_Exercise_
In the records below, find the line that contains "SHIN YO 5 3/4" and the line that contains "Book cover for Time Shopper"; write out exactly those two lines and everything between them, without the pictures.

Available data START

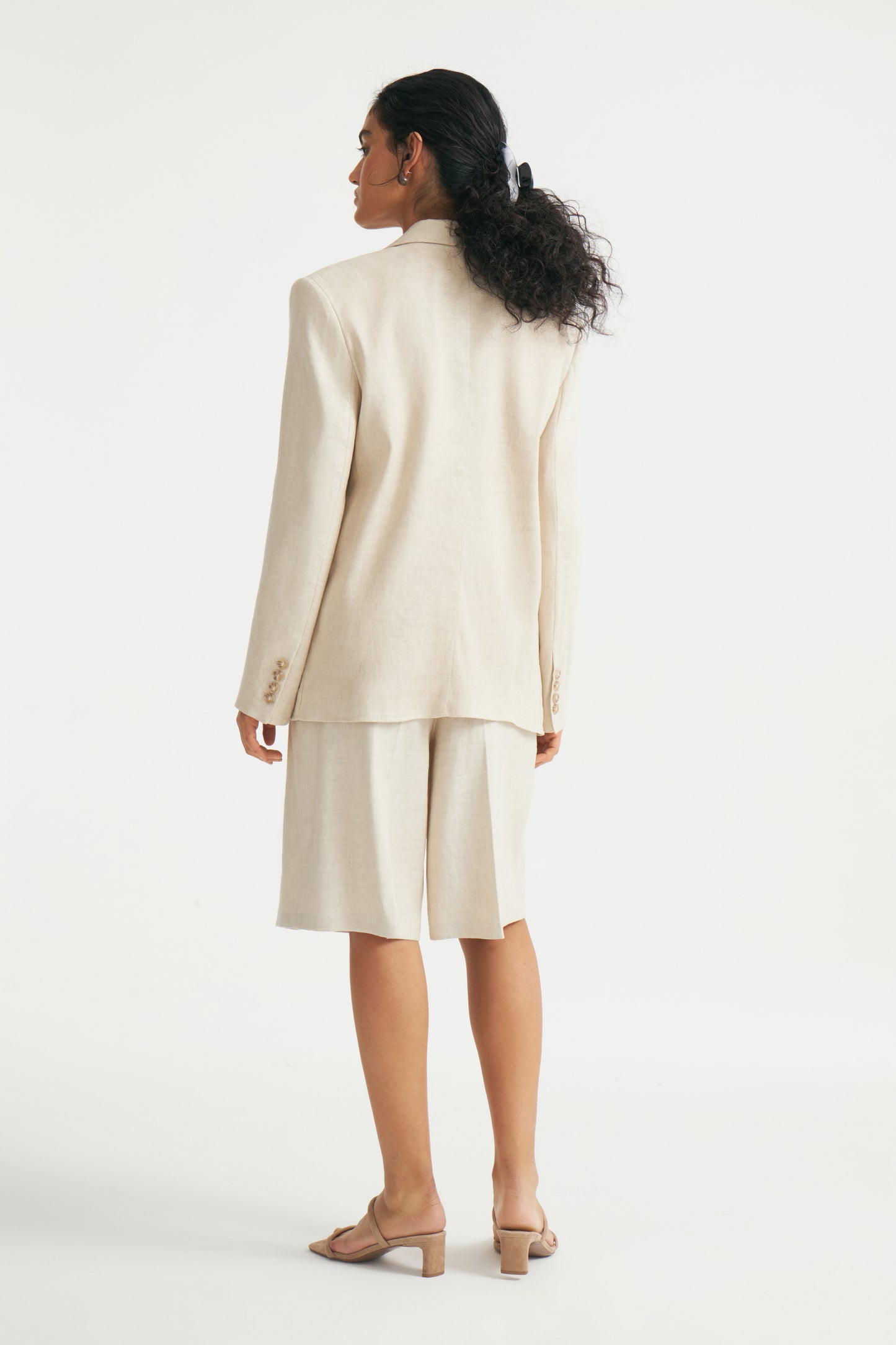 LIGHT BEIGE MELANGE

Available data END
Available data START

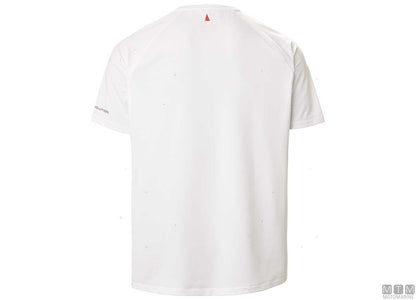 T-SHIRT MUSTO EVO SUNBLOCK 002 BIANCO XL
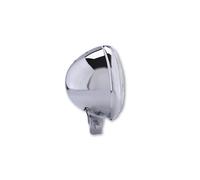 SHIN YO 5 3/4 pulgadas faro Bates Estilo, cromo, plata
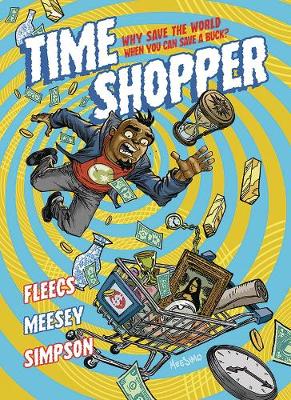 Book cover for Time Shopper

Available data END

_Written response_
 SHIN YO 5 3/4 pulgadas faro Bates Estilo, cromo, plata
 Book cover for Time Shopper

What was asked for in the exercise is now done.